Exactly as written, set down each line of the data below except its pictures.

Dataset entries
^^^^^^^^^^^^^^^^

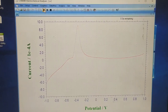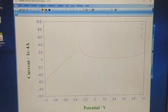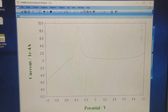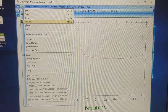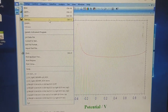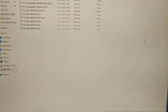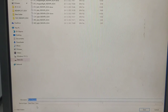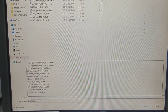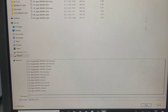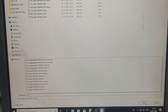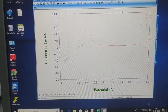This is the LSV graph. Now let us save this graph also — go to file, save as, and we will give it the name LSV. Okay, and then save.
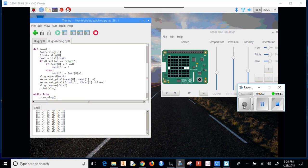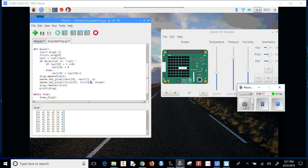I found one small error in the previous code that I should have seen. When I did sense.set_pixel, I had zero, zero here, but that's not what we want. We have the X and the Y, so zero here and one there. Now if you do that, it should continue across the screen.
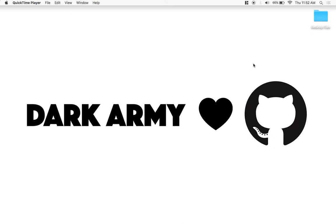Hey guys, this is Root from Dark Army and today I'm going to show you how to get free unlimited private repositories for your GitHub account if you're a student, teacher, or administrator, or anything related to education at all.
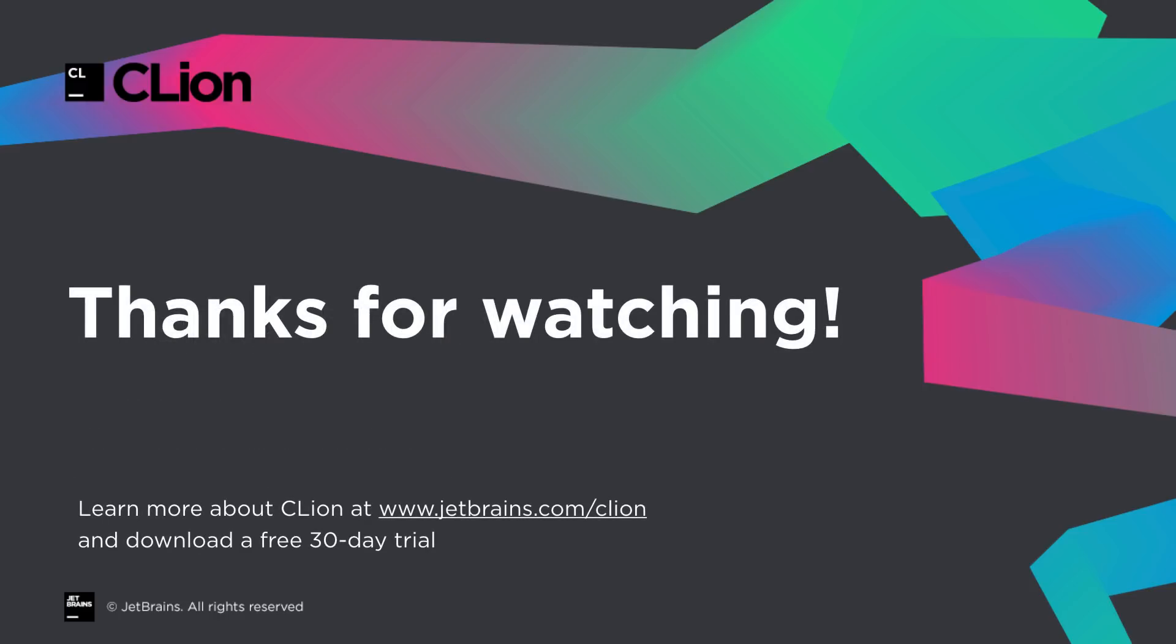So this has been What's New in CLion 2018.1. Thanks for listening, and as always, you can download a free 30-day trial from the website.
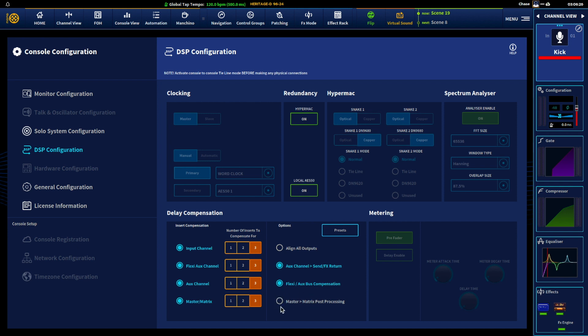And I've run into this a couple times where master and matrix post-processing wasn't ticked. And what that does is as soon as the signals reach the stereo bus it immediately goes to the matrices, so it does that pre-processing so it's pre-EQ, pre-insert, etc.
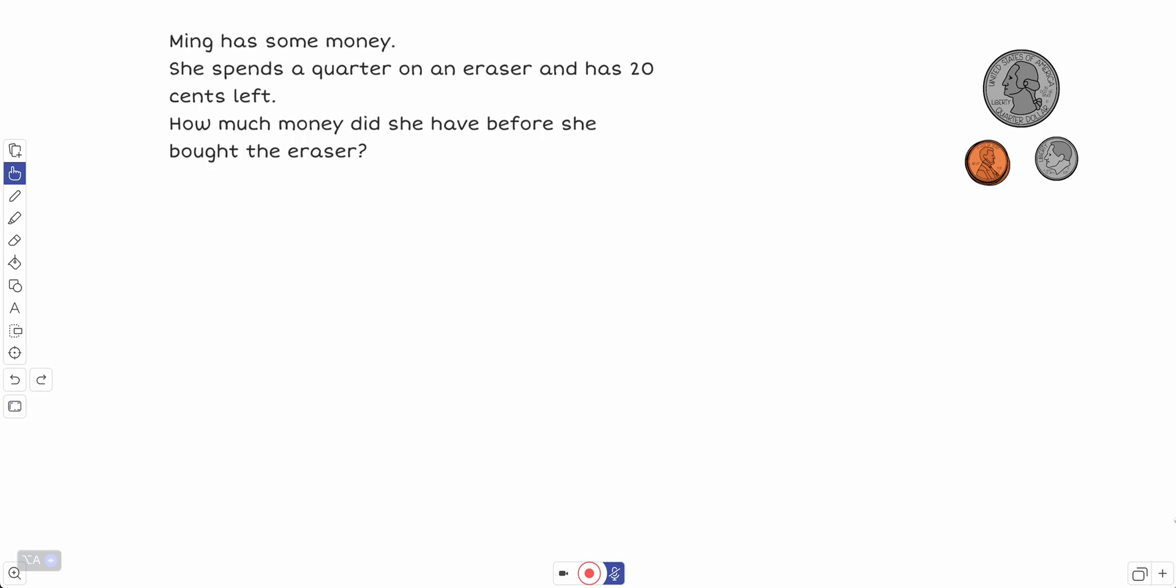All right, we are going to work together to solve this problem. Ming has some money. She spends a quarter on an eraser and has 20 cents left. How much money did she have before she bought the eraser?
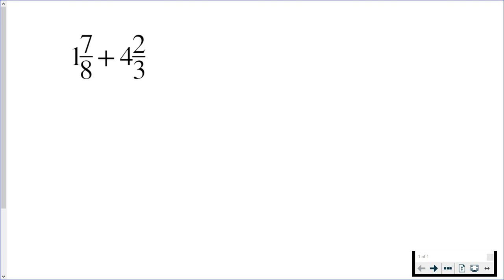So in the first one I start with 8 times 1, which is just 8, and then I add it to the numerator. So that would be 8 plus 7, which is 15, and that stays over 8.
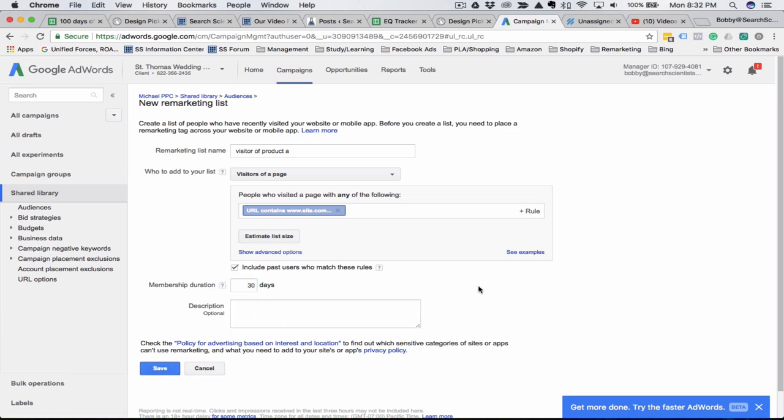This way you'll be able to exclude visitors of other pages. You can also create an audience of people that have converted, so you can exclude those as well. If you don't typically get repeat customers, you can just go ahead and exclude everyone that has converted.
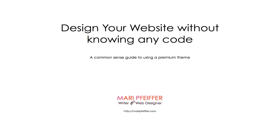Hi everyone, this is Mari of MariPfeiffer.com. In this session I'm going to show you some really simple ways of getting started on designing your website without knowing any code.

^^^^^^^^^^^^^^^^

EXERCISE OUTPUT:
This is the LSV graph. Now let us save this graph also — go to file, save as, and we will give it the name LSV. Okay, and then save.
I found one small error in the previous code that I should have seen. When I did sense.set_pixel, I had zero, zero here, but that's not what we want. We have the X and the Y, so zero here and one there. Now if you do that, it should continue across the screen.
Hey guys, this is Root from Dark Army and today I'm going to show you how to get free unlimited private repositories for your GitHub account if you're a student, teacher, or administrator, or anything related to education at all.
So this has been What's New in CLion 2018.1. Thanks for listening, and as always, you can download a free 30-day trial from the website.
And I've run into this a couple times where master and matrix post-processing wasn't ticked. And what that does is as soon as the signals reach the stereo bus it immediately goes to the matrices, so it does that pre-processing so it's pre-EQ, pre-insert, etc.
All right, we are going to work together to solve this problem. Ming has some money. She spends a quarter on an eraser and has 20 cents left. How much money did she have before she bought the eraser?
So in the first one I start with 8 times 1, which is just 8, and then I add it to the numerator. So that would be 8 plus 7, which is 15, and that stays over 8.
This way you'll be able to exclude visitors of other pages. You can also create an audience of people that have converted, so you can exclude those as well. If you don't typically get repeat customers, you can just go ahead and exclude everyone that has converted.
Hi everyone, this is Mari of MariPfeiffer.com. In this session I'm going to show you some really simple ways of getting started on designing your website without knowing any code.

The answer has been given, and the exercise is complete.